So, they do not just rely on their talents to bring them success, but they go the extra mile and put in the time and effort to get successful.
How parents react to their kid’s success in their early years can have an effect on which mindset the kid will develop. If they attribute their kids’ success to merely his talents and abilities and praise him for having those attributes, instead of praising them for the hard work or effort they have put in, it will make the kid develop a fixed mindset.
On the other hand, if the parents attribute their kid’s success to the hard work and effort they put in, instead of just praising them for their skills, will inculcate a growth mindset in their kids’ mind.
Such kids will grow up to be confident to face challenges and go the extra mile to become successful, instead of becoming complacent and stuck in their life. In short, parents of successful kids value effort over avoiding failure.
10) Working mothers are great role models
Working mums seem to have a significant impact on child growth and development irrespective of gender. According to a study, daughters of a working mother went to school longer, gain better job profiles and earned more money – 23% more compared to their peers who were raised by stay-at-home mothers.
Likewise, sone of working mothers were found to be active in household actvities and childcare – they spent seven-and-a-half more hours a week on childcare and 25 more minutes on housework.
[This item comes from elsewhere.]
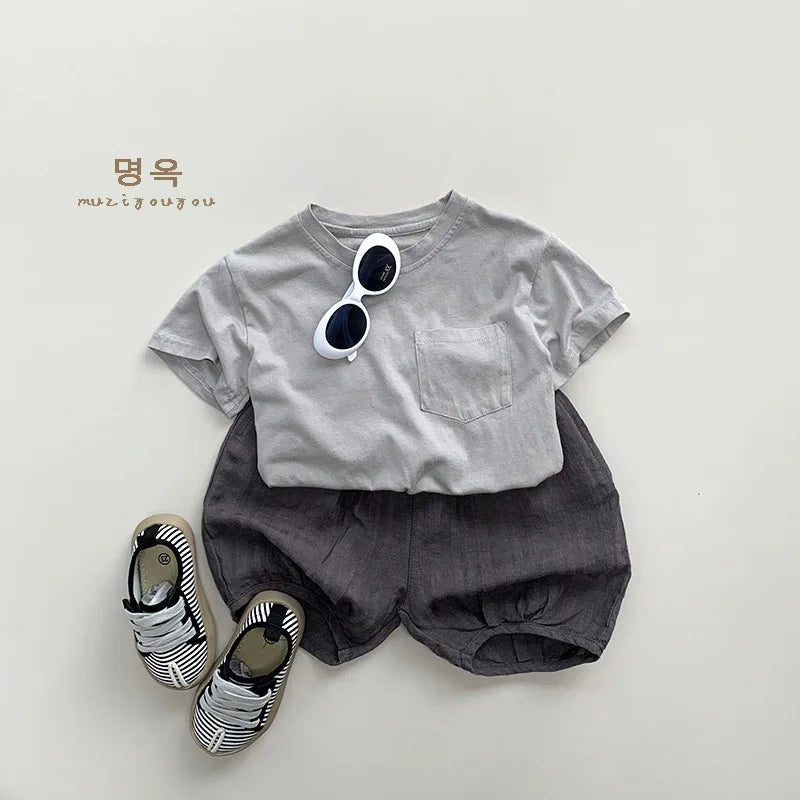 T-shirt Enfant en Coton à Manches Courtes pour Garçon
Research suggests that such role modeling by working mothers is a brilliant way of signaling what’s appropriate in terms of your behaviour, actions, activities you indulge in, and your belief system.
The most important role that you play in a child’s life is to be a loving coach who creates the conditions that are conducive to helping your child nurture their highest potentials.
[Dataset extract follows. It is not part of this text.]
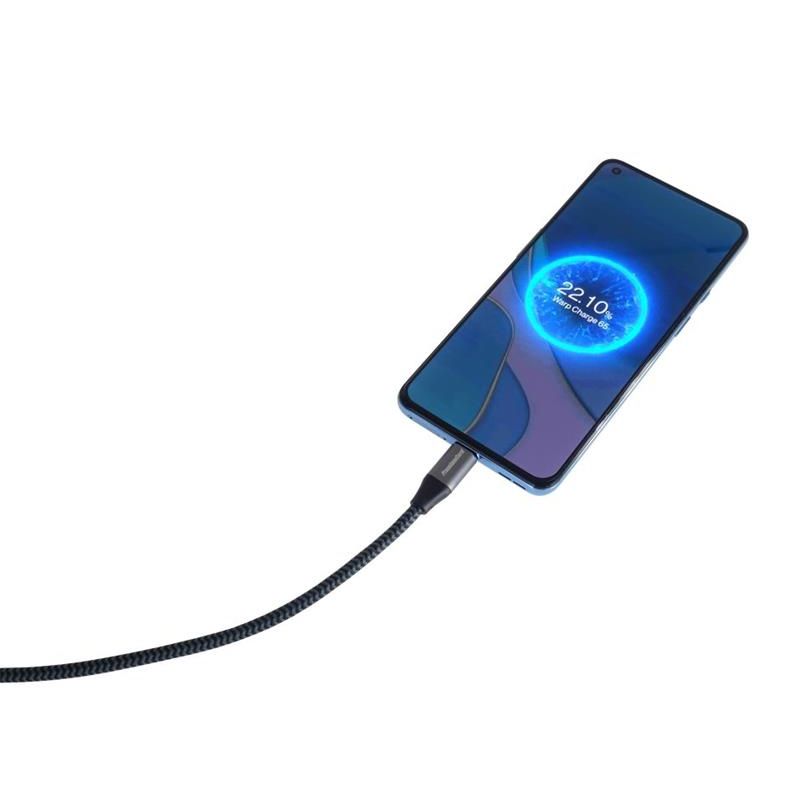 PremiumCord Kabel USB-C samec - USB-C samec, hliníkové krytky konektorov, bavlnený oplet, 2m PremiumCord Kabel USB-C samec - USB-C samec, hliníkové krytky konektorov, bavlnený oplet, 2m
Think and treat them as a unique human being separate from you. Watch and observe and introduce them to various learning opportunities so that they can pick up for themselves, what they want to do with their lives, instead of viewing them as a portal to fulfill your own unfulfilled dreams or hopes.
As Kahlil Gibran, also mentioned in his famous classic, “The Prophet” on parenting:
“Your children are not your children.
They are the sons and daughters of Life’s longing for itself.
They come through you but not from you,
And though they are with you yet they belong not to you.
You may give them your love but not your thoughts,
For they have their own thoughts.
You may house their bodies but not their souls,
For their souls dwell in the house of tomorrow,
which you cannot visit, not even in your dreams.
You may strive to be like them,
but seek not to make them like you.
For life goes not backward nor tarries with yesterday.
You are the bows from which your children
as living arrows are sent forth.
The archer sees the mark upon the path of the infinite,
and He bends you with His might
that His arrows may go swift and far.
Let your bending in the archer’s hand be for gladness;
For even as He loves the arrow that flies,
so He loves also the bow that is stable.”